Believe it or not, we have a lot to learn from sequoia trees. Over the next few Mondays, we will learn some life-changing truths from the world’s largest living things.
If you visit Sequoia National Park in California, one of the sights you have to see is the General Sherman. It’s a giant sequoia that stands 275 feet tall and weighs in at over 4 million pounds. By volume, it’s the largest living single stem tree on planet earth. Not only is its size impressive, but so is its age. General Sherman has been alive for over 2,000 years. There are some sequoias that have lived for over 3,000 years!
So how does a tree that huge survive severe windstorms, lightning, forest fires, earthquakes, and drought? Surely their root system must be incredibly deep, right? Not necessarily.
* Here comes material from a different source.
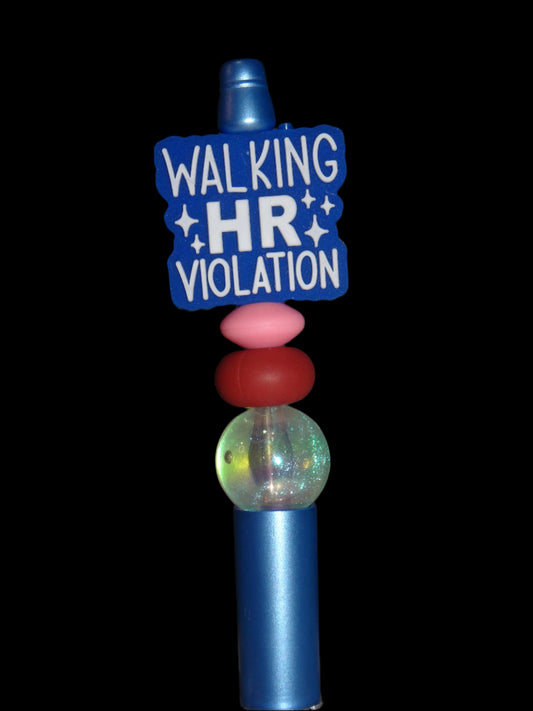 Walking HR Violation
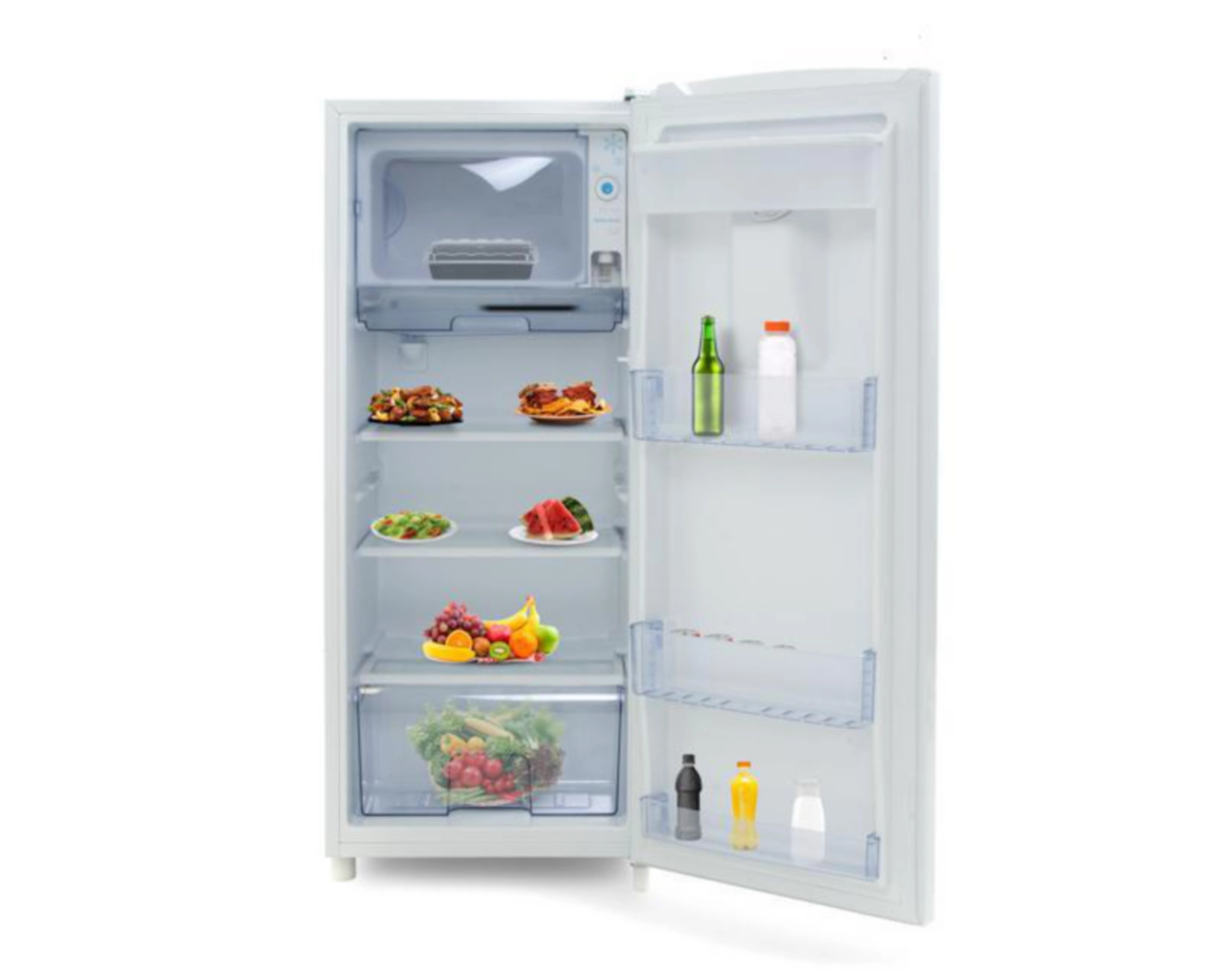 Foto 4 pulgar | Refrigerador Hisense RR63D6WWX Una Puerta 7 Pies Blanco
The sequoia’s strength is not found in its depth, but in its connection. Giant sequoias can survive in soil as shallow as 3 feet deep because sequoias never grow alone. They are always found in groves, growing with one another. Their roots go out wide, interlocking with other sequoia trees, and sharing resources with them.
You were never meant to grow alone.
We are social creatures designed for community.
Strength to weather life’s storms doesn’t come from you, but from the combined strength of those around you, rooted and intertwined together.